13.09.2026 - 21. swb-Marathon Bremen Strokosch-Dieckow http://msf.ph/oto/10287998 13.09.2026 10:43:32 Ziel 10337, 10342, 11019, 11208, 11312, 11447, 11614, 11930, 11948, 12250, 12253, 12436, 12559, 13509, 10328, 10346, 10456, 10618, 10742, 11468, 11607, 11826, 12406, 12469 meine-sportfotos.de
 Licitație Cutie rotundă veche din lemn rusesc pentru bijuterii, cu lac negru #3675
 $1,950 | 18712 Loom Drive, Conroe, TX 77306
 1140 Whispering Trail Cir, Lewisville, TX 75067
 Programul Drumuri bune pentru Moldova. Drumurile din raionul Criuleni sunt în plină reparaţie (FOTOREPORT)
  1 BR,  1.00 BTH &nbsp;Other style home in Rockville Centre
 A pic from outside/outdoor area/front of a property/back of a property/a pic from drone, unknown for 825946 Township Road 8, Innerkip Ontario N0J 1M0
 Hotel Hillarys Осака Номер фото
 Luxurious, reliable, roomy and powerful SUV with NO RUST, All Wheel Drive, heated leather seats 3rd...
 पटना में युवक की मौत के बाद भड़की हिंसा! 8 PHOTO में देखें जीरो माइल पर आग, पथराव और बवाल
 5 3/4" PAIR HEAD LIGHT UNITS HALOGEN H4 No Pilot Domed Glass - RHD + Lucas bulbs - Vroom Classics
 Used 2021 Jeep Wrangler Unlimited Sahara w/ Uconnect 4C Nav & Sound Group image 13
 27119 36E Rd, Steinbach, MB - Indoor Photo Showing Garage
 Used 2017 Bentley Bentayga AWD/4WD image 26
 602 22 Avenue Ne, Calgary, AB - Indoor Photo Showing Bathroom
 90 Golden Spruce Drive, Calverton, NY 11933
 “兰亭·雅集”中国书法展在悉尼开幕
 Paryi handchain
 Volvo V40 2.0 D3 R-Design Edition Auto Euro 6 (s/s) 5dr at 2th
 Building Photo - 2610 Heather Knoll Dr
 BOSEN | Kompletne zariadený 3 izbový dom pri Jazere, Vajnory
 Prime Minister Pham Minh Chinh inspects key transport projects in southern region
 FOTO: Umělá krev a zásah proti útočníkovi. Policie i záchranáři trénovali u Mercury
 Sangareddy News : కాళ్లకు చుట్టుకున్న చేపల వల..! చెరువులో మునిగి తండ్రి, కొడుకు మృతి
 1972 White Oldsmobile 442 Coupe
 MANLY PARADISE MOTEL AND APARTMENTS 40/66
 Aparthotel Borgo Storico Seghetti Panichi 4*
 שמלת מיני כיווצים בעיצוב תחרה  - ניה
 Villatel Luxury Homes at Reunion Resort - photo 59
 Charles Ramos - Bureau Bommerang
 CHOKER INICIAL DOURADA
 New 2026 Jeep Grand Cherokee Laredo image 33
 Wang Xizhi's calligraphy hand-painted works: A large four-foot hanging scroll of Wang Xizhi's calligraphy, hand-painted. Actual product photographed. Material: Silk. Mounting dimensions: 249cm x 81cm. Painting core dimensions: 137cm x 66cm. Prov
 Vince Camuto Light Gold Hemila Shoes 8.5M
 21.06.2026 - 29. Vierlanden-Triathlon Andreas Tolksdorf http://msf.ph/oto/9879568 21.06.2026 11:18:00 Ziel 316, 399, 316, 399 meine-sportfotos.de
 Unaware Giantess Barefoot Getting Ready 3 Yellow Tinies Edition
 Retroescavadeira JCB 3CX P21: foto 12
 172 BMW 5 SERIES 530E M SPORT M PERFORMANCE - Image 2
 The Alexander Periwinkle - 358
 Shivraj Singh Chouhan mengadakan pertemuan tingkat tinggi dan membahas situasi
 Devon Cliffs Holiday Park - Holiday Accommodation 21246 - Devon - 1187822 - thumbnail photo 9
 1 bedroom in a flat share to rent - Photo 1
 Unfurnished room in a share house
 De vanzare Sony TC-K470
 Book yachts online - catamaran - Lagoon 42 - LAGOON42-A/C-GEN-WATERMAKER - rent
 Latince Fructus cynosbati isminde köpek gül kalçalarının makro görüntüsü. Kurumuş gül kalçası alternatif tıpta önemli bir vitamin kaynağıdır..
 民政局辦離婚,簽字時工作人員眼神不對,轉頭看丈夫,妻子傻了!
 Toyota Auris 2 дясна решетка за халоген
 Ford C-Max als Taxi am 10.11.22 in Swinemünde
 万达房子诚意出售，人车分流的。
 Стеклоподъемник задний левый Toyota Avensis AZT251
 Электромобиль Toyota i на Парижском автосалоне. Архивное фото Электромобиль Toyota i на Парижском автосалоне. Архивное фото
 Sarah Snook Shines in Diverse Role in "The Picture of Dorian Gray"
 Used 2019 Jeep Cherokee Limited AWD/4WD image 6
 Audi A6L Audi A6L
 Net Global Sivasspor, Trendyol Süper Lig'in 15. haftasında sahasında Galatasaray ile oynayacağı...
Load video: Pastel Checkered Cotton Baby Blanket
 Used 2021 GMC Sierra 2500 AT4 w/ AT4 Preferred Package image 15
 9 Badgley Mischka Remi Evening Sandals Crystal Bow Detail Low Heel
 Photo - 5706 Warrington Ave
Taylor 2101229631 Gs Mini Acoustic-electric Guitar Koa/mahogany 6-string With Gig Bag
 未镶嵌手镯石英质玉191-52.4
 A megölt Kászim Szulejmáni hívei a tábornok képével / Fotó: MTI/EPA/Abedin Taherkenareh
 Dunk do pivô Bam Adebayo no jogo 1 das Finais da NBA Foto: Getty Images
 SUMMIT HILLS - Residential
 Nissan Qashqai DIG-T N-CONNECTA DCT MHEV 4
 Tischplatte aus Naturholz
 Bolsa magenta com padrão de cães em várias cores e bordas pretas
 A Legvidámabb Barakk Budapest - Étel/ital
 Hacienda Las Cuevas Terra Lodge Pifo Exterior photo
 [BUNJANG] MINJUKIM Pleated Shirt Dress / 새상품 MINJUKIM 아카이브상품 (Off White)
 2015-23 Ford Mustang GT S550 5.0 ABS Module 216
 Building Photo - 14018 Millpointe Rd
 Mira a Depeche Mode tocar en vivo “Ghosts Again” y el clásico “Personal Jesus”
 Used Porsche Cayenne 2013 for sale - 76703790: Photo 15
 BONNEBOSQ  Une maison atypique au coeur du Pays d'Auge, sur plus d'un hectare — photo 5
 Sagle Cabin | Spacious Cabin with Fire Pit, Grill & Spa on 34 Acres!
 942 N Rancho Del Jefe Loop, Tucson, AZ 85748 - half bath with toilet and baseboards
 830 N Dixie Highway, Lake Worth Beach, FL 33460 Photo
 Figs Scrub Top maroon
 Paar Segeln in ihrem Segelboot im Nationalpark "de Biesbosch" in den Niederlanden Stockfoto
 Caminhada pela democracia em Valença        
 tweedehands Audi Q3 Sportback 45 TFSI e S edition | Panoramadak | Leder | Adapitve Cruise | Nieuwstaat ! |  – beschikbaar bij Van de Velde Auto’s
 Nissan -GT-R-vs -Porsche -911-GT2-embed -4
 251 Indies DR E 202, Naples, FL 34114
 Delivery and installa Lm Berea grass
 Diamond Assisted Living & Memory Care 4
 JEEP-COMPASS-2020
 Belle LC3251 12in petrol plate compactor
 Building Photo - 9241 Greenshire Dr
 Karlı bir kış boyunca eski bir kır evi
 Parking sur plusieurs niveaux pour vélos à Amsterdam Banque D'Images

## REQUIREMENT:
Tally every line in these entries where the string "Nissan" occurs. The tally alone is the answer.

## EXERCISE OUTPUT:
2